- [Exercise inputs]:
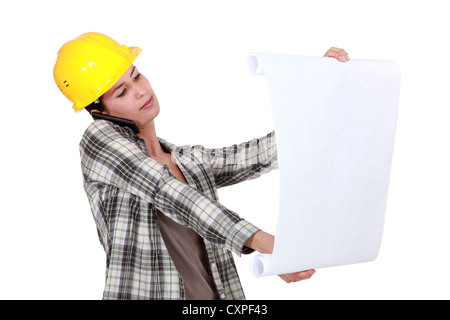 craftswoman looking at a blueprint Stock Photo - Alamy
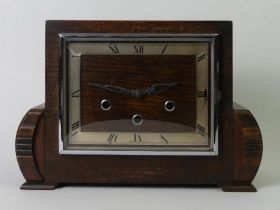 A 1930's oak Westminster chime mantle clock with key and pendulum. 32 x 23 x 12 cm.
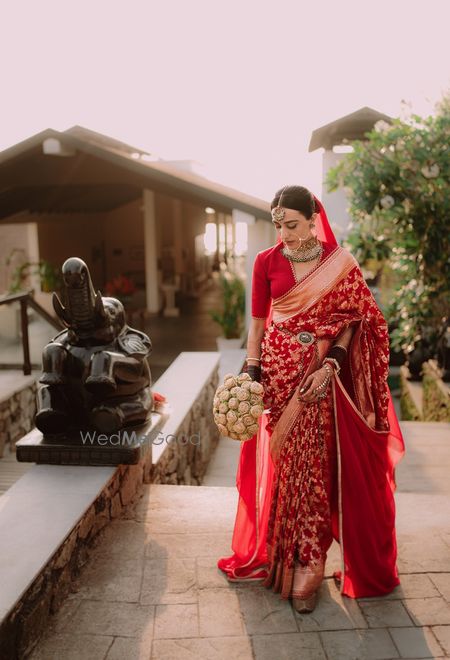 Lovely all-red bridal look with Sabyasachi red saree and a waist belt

--

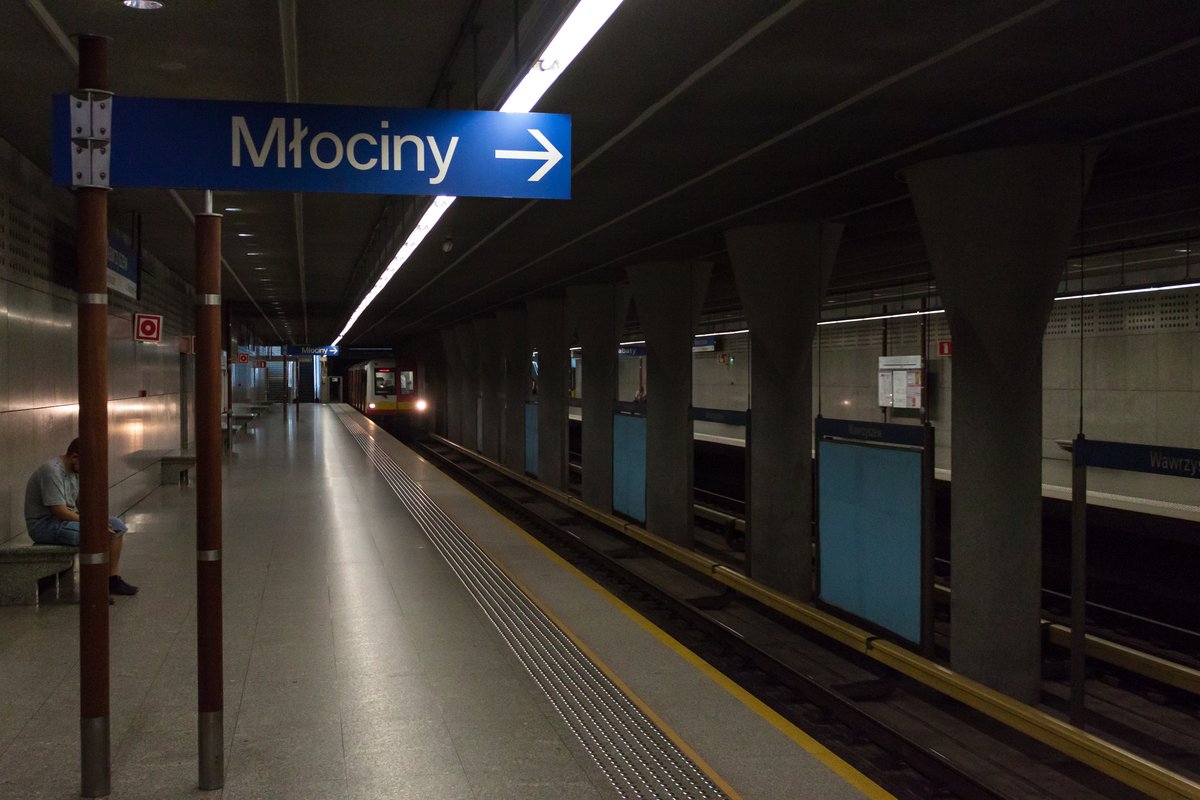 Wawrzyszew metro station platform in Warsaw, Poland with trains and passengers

- [Task description]:
Beginning with the line above that has "craftswoman looking at" and going on through the line that has "Lovely all-red bridal", retype every line exactly and add nothing else; drop the pictures.

- [Reply]:
 craftswoman looking at a blueprint Stock Photo - Alamy
 A 1930's oak Westminster chime mantle clock with key and pendulum. 32 x 23 x 12 cm.
 Lovely all-red bridal look with Sabyasachi red saree and a waist belt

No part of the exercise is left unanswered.